▶ [Records shown]:
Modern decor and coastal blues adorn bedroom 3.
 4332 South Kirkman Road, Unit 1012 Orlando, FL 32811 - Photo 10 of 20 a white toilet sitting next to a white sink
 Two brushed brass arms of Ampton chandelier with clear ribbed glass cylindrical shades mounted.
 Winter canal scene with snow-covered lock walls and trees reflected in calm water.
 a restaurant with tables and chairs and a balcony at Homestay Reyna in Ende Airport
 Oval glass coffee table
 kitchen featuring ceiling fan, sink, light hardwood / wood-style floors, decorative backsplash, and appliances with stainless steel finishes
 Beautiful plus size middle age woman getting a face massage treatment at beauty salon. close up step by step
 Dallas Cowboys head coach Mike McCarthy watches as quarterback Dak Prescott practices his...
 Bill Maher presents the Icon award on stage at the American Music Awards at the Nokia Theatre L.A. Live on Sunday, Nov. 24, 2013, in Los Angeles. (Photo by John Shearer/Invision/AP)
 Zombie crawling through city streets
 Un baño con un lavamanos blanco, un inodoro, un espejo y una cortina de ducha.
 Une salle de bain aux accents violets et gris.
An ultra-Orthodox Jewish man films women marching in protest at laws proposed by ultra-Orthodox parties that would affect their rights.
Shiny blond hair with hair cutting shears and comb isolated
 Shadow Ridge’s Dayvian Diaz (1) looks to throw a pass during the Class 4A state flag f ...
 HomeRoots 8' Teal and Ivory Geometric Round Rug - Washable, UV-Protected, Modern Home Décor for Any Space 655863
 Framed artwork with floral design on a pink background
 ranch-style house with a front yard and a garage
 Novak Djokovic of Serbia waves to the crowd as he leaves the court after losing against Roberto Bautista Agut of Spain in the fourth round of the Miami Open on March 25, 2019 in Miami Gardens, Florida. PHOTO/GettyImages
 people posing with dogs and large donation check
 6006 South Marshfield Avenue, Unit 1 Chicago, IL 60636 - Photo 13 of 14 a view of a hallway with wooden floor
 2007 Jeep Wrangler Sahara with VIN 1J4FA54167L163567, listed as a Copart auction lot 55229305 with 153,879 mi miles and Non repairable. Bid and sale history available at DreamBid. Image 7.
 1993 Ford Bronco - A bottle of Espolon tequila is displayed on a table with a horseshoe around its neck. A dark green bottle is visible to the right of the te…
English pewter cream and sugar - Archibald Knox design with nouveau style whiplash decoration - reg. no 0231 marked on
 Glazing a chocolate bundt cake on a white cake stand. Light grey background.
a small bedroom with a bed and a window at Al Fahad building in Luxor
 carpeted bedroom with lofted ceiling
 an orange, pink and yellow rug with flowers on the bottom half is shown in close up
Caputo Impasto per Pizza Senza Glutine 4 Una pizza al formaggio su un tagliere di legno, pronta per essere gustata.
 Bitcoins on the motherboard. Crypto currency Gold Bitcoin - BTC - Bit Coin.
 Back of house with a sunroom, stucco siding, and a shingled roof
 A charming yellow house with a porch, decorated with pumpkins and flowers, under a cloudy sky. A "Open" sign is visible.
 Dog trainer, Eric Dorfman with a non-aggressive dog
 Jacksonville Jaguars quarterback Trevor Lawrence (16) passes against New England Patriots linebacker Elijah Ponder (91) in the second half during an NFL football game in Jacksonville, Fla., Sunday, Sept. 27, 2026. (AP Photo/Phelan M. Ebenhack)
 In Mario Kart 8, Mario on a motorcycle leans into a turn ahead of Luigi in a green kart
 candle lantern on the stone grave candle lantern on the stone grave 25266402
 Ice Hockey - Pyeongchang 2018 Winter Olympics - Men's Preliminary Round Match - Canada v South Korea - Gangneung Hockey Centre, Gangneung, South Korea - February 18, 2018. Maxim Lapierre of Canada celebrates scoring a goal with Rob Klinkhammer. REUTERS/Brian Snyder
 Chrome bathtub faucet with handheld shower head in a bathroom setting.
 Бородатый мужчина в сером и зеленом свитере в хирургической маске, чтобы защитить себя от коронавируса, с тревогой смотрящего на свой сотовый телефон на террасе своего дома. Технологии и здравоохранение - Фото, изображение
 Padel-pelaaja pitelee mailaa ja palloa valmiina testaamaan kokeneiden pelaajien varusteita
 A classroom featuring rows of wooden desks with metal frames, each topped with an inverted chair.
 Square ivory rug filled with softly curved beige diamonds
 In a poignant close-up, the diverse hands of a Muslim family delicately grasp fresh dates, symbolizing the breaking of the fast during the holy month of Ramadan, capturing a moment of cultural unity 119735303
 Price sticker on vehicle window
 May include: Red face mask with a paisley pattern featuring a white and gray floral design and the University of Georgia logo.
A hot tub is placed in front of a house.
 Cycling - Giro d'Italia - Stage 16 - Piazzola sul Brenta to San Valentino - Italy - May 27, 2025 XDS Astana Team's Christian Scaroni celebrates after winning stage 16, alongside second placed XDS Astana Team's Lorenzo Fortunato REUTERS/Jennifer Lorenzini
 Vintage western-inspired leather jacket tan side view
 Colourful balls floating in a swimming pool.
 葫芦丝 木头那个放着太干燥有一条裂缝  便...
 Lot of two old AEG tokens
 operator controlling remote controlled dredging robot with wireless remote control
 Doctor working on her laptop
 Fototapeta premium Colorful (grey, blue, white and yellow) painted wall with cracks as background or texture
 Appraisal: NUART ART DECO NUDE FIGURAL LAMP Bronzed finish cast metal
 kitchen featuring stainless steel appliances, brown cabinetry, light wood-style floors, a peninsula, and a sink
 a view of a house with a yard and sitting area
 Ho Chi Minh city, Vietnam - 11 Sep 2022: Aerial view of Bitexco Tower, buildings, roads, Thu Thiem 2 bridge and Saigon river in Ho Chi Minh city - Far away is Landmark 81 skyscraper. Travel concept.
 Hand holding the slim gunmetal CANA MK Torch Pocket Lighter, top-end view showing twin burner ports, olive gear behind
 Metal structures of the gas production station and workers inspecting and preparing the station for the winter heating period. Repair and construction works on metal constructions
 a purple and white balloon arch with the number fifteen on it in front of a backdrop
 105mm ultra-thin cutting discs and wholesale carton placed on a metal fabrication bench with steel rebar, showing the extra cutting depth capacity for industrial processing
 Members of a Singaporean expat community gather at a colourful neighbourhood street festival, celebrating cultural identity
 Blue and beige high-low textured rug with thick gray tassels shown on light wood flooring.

▶ [Task statement]: The range runs from the line above containing "Beautiful plus size" to the line containing "Une salle de", inclusive. Restate those lines word for word and no others.

▶ [Exercise answer]:
 Beautiful plus size middle age woman getting a face massage treatment at beauty salon. close up step by step
 Dallas Cowboys head coach Mike McCarthy watches as quarterback Dak Prescott practices his...
 Bill Maher presents the Icon award on stage at the American Music Awards at the Nokia Theatre L.A. Live on Sunday, Nov. 24, 2013, in Los Angeles. (Photo by John Shearer/Invision/AP)
 Zombie crawling through city streets
 Un baño con un lavamanos blanco, un inodoro, un espejo y una cortina de ducha.
 Une salle de bain aux accents violets et gris.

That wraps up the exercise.